Reviví el instante en que le sugerí que hiciéramos un pacto, ese pacto que cumplí como un mandamiento. Consistía en que si las circunstancias de la vida nos separaban, cada noche que nos sintiéramos solos, cada uno de nosotros, en el lugar donde estuviésemos, buscaríamos a Sirio en el cielo y esa iba a ser la señal de que aún estábamos unidos. El mozo me trajo el salmón, no sé si estaba insulso, mal cocido o si todos mis sentidos estaban tratando de localizar a ese ser que había sido tan importante en mi juventud.

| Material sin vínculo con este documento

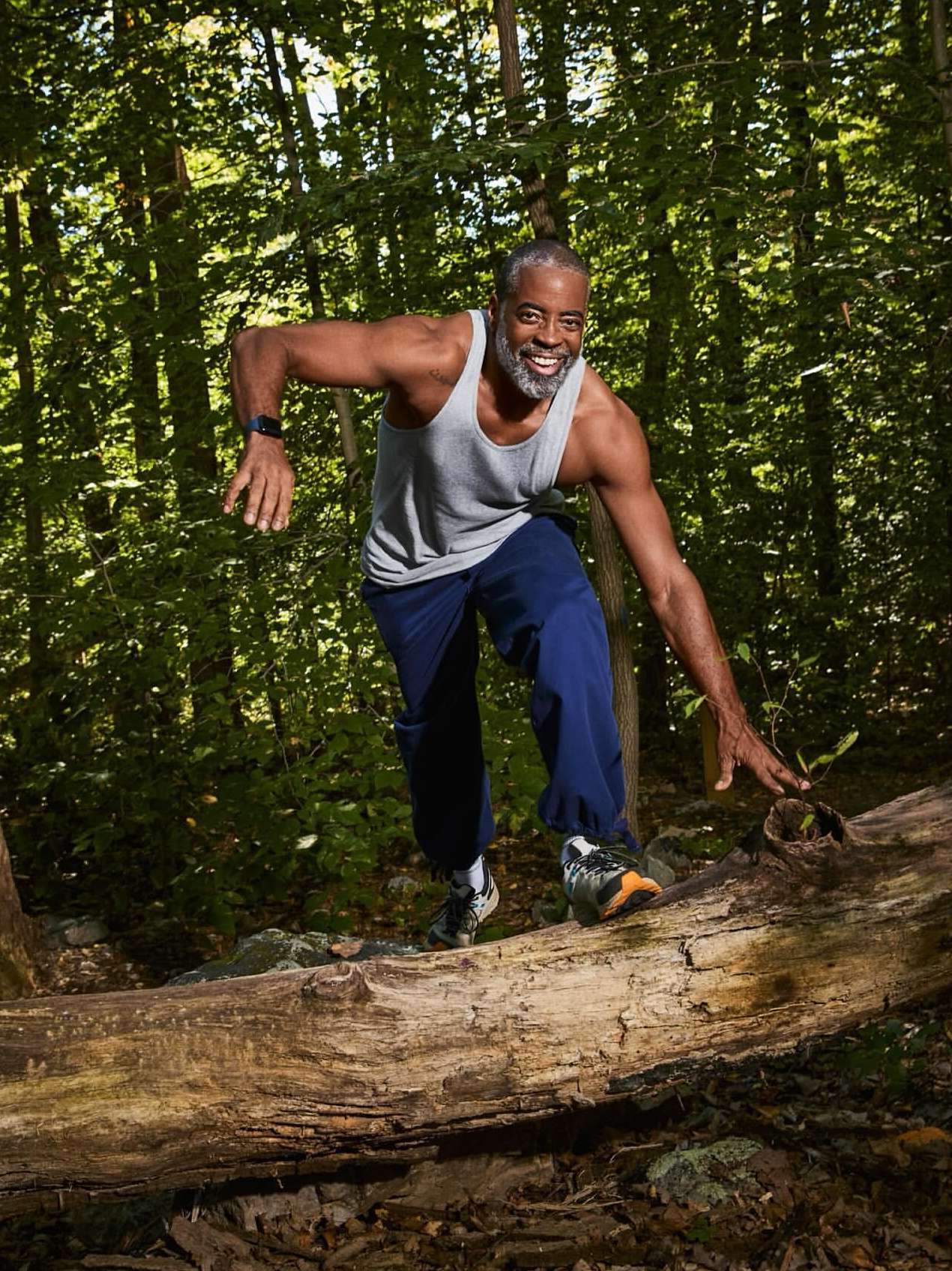 An African-American man with a gray beard crosses over a fallen tree trunk in a forest, wearing a tank top and workout pants.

Solo probé dos bocados. Yo había salido con varias chicas, era una especie de latin lover. Era fácil para mí tener sexo con ellas, yo era el guía y ellas las guiadas, enloquecidas, liberadas, tratando de romper con todas las reglas y volver transformadas a una vida adulta que las esperaría repleta de sorpresas.

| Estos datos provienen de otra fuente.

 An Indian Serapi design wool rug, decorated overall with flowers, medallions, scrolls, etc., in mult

Hace un par de años descubrí el tema de Coldplay Sky full of stars en la radio, y el recuerdo de Eugenia me atormentó cada instante de mi existencia.

Había abierto una cuenta en Facebook a pesar de mi aversión a las redes sociales sólo para tratar de encontrarla. Recordaba el nombre de su colegio, el María Auxiliadora, pero jamás había logrado aprender su apellido, con lo cual mis largas búsquedas desesperadas habían sido en vano.

Por eso verla reflejada en ese espejo fue para mí una especie de milagro, algo que aunque parezca ridículo lindaba con lo sobrenatural. Mi hija fue al baño y mi otra Eugenia se levantó de inmediato y se dirigió al mismo lugar.

Yo había fantaseado miles de veces con encontrarla como a Penélope, sentada, tejiendo, en una estación, con su bolso de piel marrón y su vestido de domingo. Pero jamás pensé reencontrarme con ella, después de tantos años, en una situación tan particular. Fue por eso que la felicidad de volverla a ver era tan extraña que, más que un encuentro, parecía una despedida.

Pensé en levantarme y esperarla a la salida del baño sólo para poder decirle un par de palabras, todo lo que la había extrañado durante todos estos años, pedirle perdón y preguntarle si era feliz con ese tipo que había dejado en la mesa. Pero me censuré inmediatamente, no quise avanzar más de lo que correspondía, no me parecía correcto tratar de reconquistar a una mujer casada y para peor estaba el riesgo de ganarme un escándalo por lo mal que me había portado con ella al ocultarle mi estado civil.

Las dos volvieron a sus correspondientes asientos. Mi hija seguía con cara de resignación, y la otra Eugenia ahora me miraba con un dejo de odio. Pedimos un café y la cuenta. Me quería escapar de ese lugar lo más pronto posible.

Nos dirigimos a la puerta del restorán para esperar a que el valet parking nos trajese nuestro auto. De pronto salió Eugenia y me saludo con una frialdad que cortaba el aire. Se puso a hablar con mi hija como si le estuviera haciendo una indagatoria. Le preguntó su nombre, y al ver que eran tocayas su rostro se llenó de luz. Sin pensarlo miramos juntos el cielo de Buenos Aires tratando de ubicar a Sirio, la estrella roja, y así nuestro punto de vista celestial nos abría un nuevo camino en el intrincado firmamento de la vida.